"""

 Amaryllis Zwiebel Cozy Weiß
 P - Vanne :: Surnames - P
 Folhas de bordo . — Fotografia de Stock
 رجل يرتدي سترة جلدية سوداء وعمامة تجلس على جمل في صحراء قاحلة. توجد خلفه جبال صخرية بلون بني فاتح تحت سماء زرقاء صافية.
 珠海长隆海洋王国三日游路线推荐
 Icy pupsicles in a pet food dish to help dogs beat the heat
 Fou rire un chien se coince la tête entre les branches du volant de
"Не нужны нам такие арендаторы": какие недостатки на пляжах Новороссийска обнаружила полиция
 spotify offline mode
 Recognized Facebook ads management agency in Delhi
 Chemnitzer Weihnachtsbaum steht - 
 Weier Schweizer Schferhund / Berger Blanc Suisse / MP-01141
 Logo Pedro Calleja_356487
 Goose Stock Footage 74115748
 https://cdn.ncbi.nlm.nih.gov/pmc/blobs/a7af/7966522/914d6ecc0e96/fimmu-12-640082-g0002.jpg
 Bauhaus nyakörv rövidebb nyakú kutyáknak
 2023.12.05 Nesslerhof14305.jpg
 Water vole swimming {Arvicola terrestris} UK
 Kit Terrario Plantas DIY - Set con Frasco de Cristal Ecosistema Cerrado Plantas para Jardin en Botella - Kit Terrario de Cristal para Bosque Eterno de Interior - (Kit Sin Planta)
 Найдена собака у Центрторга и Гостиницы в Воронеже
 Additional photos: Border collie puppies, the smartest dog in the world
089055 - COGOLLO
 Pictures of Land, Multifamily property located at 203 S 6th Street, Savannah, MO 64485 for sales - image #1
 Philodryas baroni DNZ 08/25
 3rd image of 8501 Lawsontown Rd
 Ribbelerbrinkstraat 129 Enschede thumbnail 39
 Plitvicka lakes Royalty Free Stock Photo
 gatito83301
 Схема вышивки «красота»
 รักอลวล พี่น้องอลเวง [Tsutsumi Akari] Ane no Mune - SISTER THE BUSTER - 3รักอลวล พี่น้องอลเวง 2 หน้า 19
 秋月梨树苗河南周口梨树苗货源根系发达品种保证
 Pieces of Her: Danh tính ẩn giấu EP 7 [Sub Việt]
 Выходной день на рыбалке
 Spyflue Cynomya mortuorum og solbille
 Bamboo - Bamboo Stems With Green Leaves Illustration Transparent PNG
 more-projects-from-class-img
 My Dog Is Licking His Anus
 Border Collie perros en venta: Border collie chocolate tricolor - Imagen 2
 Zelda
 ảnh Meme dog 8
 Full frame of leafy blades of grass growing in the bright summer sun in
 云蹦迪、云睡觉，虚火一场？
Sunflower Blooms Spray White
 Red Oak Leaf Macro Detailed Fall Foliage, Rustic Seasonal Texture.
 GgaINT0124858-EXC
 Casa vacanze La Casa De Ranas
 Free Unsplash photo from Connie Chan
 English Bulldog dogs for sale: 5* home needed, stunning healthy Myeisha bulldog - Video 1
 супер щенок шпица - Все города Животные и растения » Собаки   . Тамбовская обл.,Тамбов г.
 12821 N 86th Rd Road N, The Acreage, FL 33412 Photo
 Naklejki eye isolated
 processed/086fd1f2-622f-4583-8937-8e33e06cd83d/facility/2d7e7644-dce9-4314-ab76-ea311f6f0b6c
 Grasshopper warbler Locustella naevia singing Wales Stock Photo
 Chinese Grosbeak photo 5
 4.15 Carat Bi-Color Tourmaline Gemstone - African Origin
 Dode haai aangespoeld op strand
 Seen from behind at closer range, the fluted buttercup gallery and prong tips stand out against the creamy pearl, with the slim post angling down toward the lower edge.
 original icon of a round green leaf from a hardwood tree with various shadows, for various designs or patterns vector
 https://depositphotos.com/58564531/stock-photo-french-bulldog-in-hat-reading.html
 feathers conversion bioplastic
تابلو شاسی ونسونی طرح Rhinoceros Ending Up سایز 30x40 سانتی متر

"""

**Problem requirements**
Scan the records above for the string "https", then copy each line where it turns up.

**Response area**
 https://cdn.ncbi.nlm.nih.gov/pmc/blobs/a7af/7966522/914d6ecc0e96/fimmu-12-640082-g0002.jpg
 https://depositphotos.com/58564531/stock-photo-french-bulldog-in-hat-reading.html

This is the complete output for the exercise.